Precision data for risk and health

The success of such initiatives depends on granular population data, which is essential for both public health and risk assessment. While the Institute for Health Metrics and Evaluation has long used census and survey data to estimate populations, these models are often too coarse to address environmental risks and crisis-related threats effectively.
“These risks are really local – storms, malaria, child malnutrition – and to understand them, you really need to have much more granular mapping” said Christopher J.L. Murray. “That precision helps us see who’s at risk now and in the next five, ten, even 25 years. Through collaboration, we can make this a global public good.”
He stressed that even factors like air pollution are highly localized, and that demographic shifts will significantly influence where resources and attention need to be focused over the coming decades.
From Earth to space

Andrew Zolli explained how satellite imagery fills a critical gap in global situational awareness –.

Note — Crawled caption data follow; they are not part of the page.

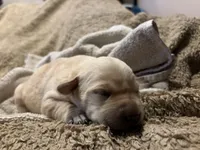 Hope, a female Labrador Retriever for sale in Big Lake, MN – 1 of 4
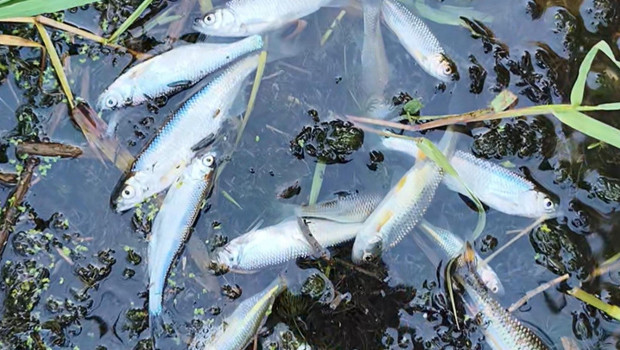 Tekirdağ'da derede toplu balık ölümlerine inceleme başlatıldı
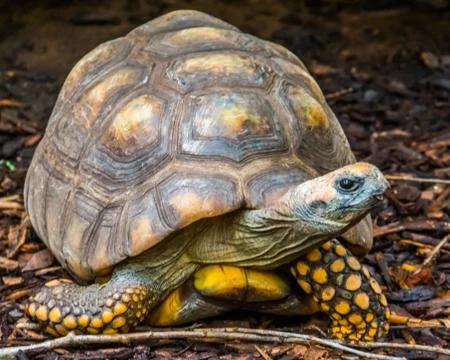 Front closeup of a yellow footed tortoise, Brazilian giant turtle, Vulnerable Stock Photos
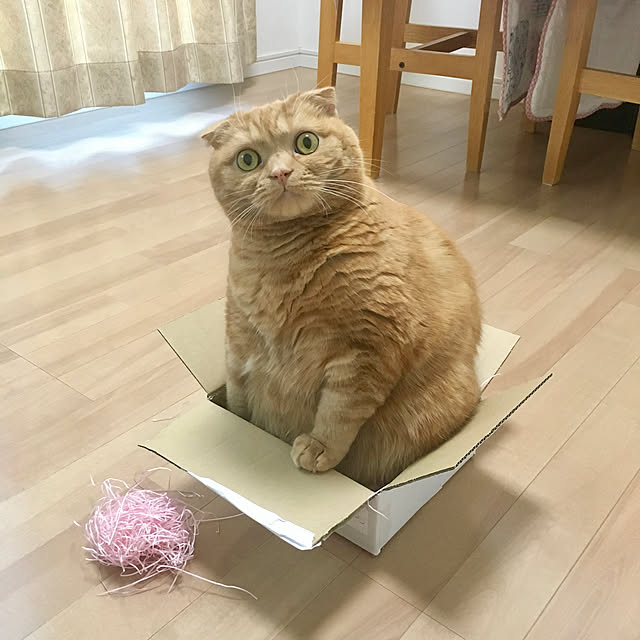 pinaminさんの実例写真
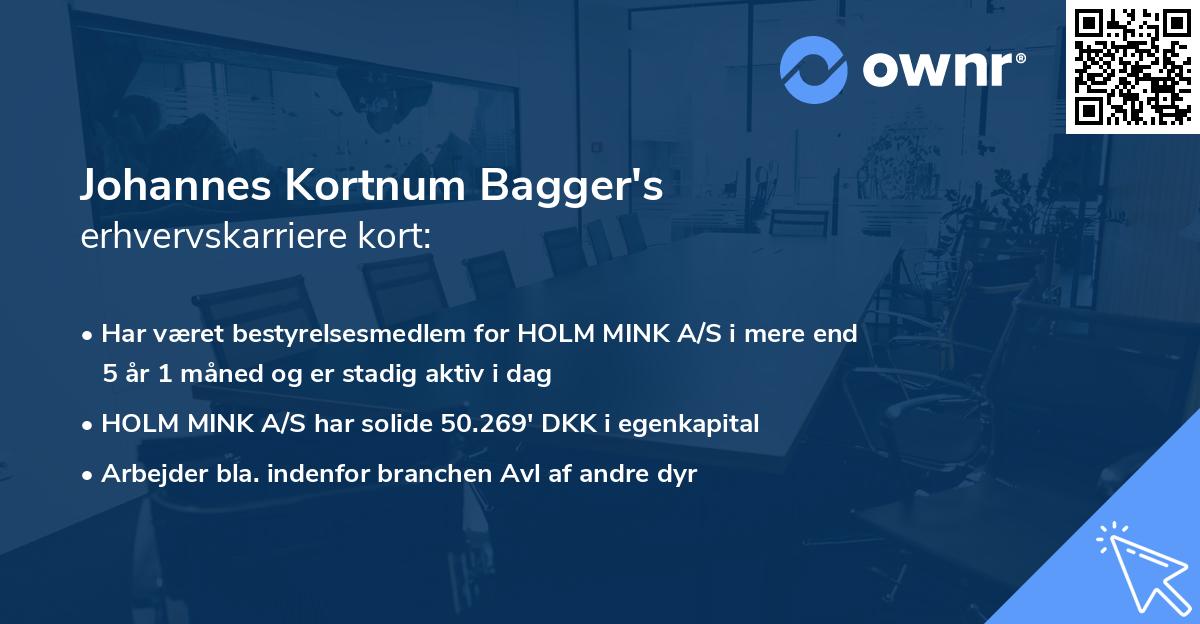 Johannes Kortnum Bagger's erhvervskarriere kort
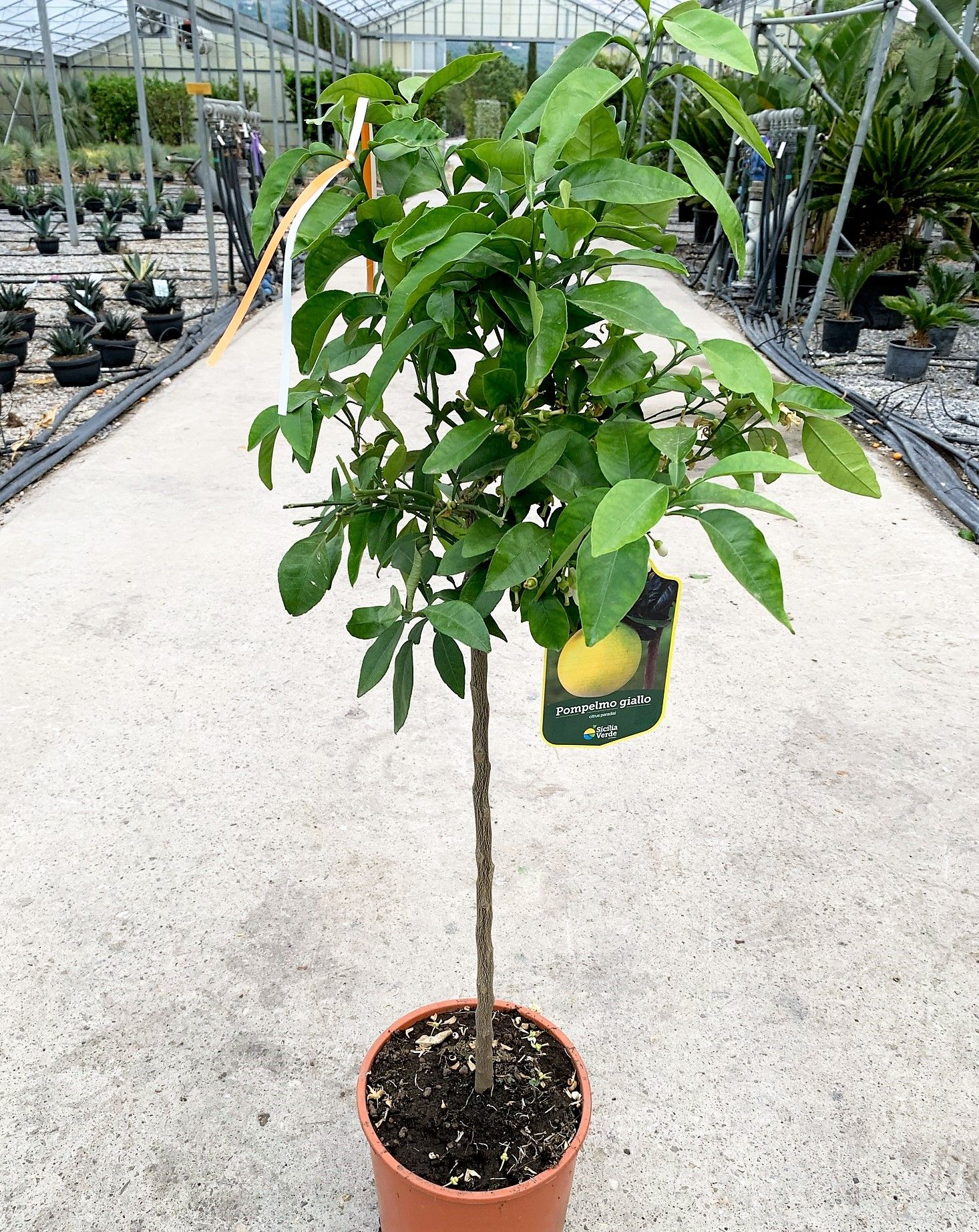 1619529827 0112df3a88e63569f2a9b194590a614307487c60f8 51d4d23c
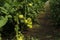 Seedlings in greenhouse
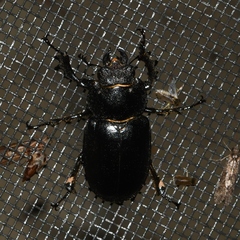Lucanus placidus
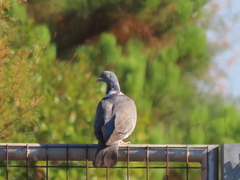 Columba palumbus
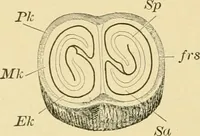 An illustration from The microscopy of vegetable foods, with special reference to the detection of adulteration and the diagnosis of mixtures (1916)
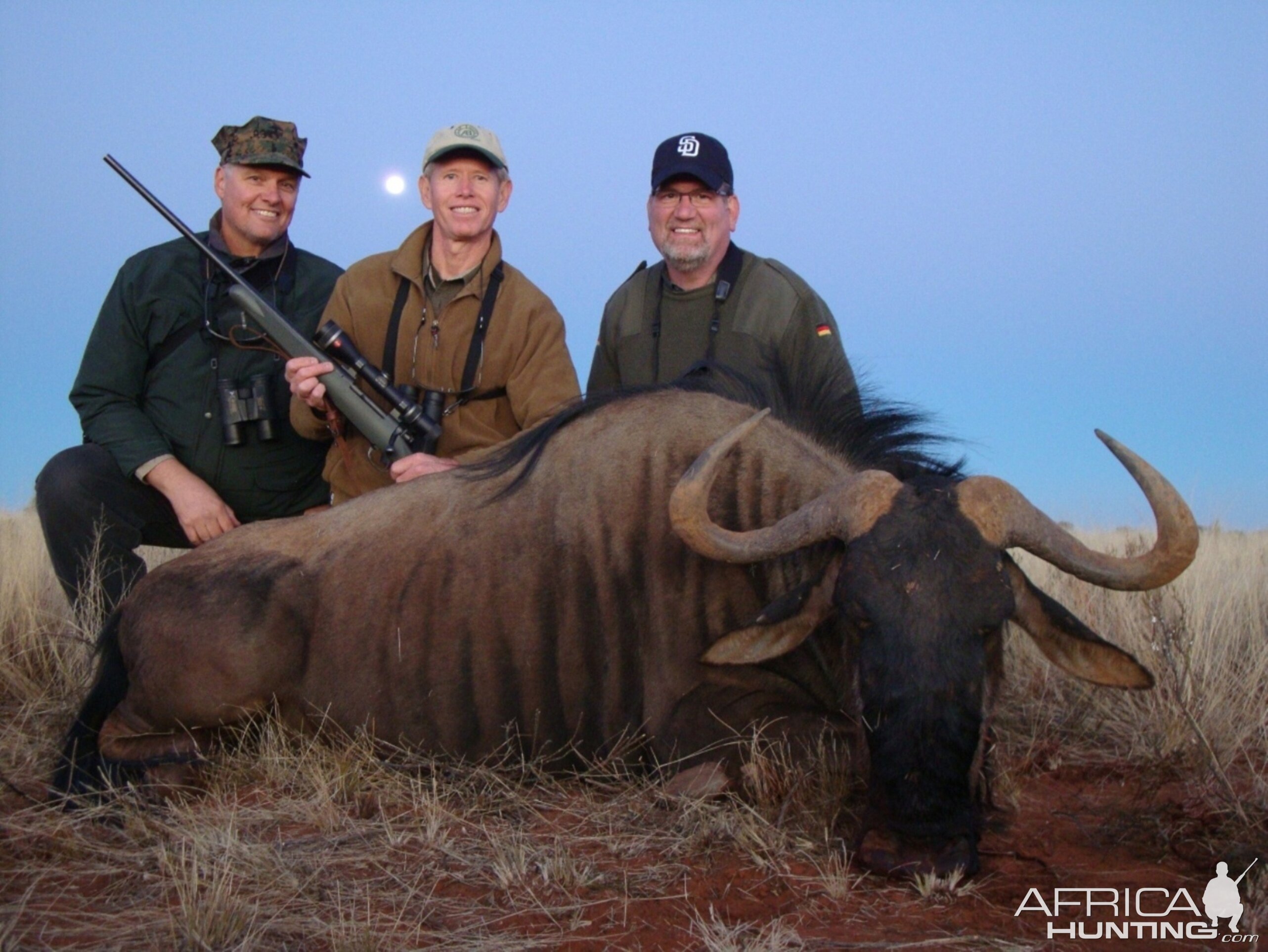 Hunting Blue Wildebeest with Wintershoek Johnny Vivier Safaris in SA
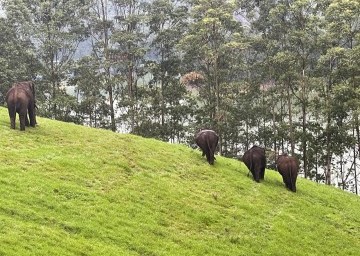 munnar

“We live in a world of enormous, complex, self-compounding, and sometimes deeply unobvious forms of risk […]. The challenge […] is that we first have to make the invisible visible,” said Zolli.
Planet Labs operates the world’s largest constellation of Earth-observing satellites, capturing 40 terabytes of high-resolution imagery each day. This daily coverage enables partners to monitor changes across the planet and apply AI and demographic analysis to produce accurate population estimates, even in the most remote areas.
The goal is to capture a comprehensive picture of the world and make that information accessible to those working on complex, overlapping risks. Use cases extend beyond early warning, including tracking disease spillover zones, assessing wildfire risk, and planning public infrastructure such as schools and hospitals, all of which depend fundamentally on knowing where people are located.
Mobilizing for greater coverage
To broaden access, the partners launched an early access collaboration program, aimed at organizations interested in using the precision mapping data. The goal is to refine the product input from real-world users and eventually make it available as a global public good.
Vanessa Gray closed the session by reflecting on the broader ambition behind the ECM and its role in achieving universal coverage.
“What we’re producing is allowing us first of all to support countries in developing better, more resilient, and more inclusive early warning systems,” Gray said. “It’s also helping us to achieve the very ambitious goal of the early warnings for all initiative, which is to make sure that every person on earth is protected by an early warning system.”
She concluded by inviting anyone involved in early warning systems or AI to join the AI for Early Warning for All group, expressing enthusiasm about collaborating with new partners.